Tata Motors’s shares escalated to a fresh seven-year high of ₹ 585.90 apiece on the bourses after gaining 40 percent in just three months! Its shares were trading at ₹ 412 three months ago and surged to the current level, making the scrip one of the best performers on the Nifty 50 index.
The automaker’s shares recovered from their lows amid a slew of positive developments and growth prospects. Tata Motors has become the second largest in terms of sales outlets with 1,410 showrooms across the country, up from 862 in FY20. It now has 855 service centres, up from 653 three years ago.
Analysts at Jefferies said that the British division of the corporation, Jaguar Land Rover (JLR), has successfully decreased its break-even production levels by 50 percent for the fiscal year 2023. In a strategic move, the company plans to cease vehicle assembly at the Castle Bromwich plant, which is expected to enhance its utilisation levels.
JLR witnessed a significant turnaround in operational and financial performance as supply issues of chips have started to ease, according to the brokerage.
The Indian division of Tata Motors benefits from a positive demand cycle and improvements in its passenger vehicle (PV) franchise. The company focuses on SUVs and attractive product styling and shows promise in the Indian PV market.
Jefferies has a ‘buy’ rating on the company’s shares with a target price of ₹ 700.00, which translates to an upside of 21 percent as compared to the company’s share price of ₹ 578.55 apiece.
Similarly, ICICI Securities has a ‘buy’ rating on the automaker’s shares with a target price of ₹ 700.00, which translates to an upside of 21 percent as compared to the company’s current share price.
The brokerage believes that the company’s future price performance depends on the intent to go auto net debt free by FY25 through healthy CFO generation and the sale of non-core assets (including a stake sale in Tata Technologies).
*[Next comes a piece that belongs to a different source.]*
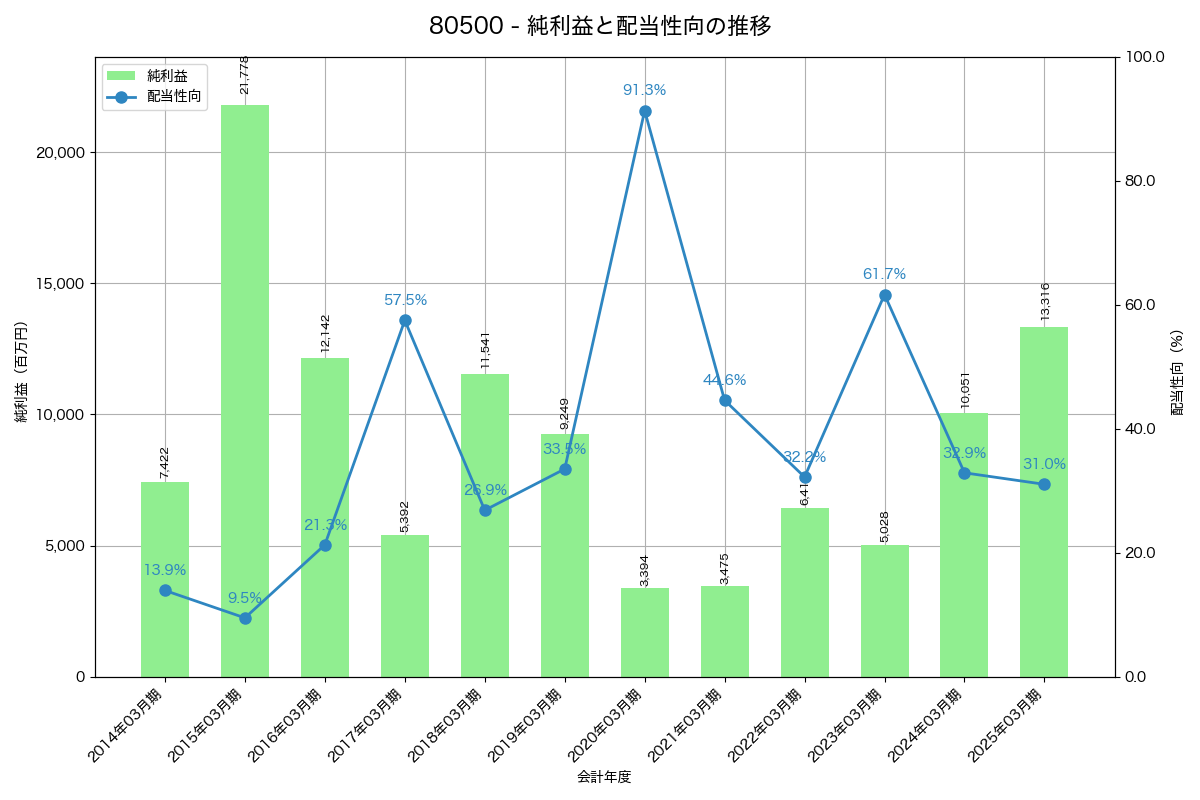 利益・配当推移グラフ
A few other factors to watch out for are JLR guiding for free cash flow generation of £2 billion & net debt reduction to less than £1 billion by FY24E.
With a market capitalization of ₹ 2,09,790 crores, Tata Motors is a large-cap company. It has a low return on equity of 5.37 percent. The company’s shares were trading at a price-to-earnings ratio (P/E) of 39.51, which is substantially higher than the industry P/E of ₹ 18.81, indicating that the stock might be overvalued as compared to its peers.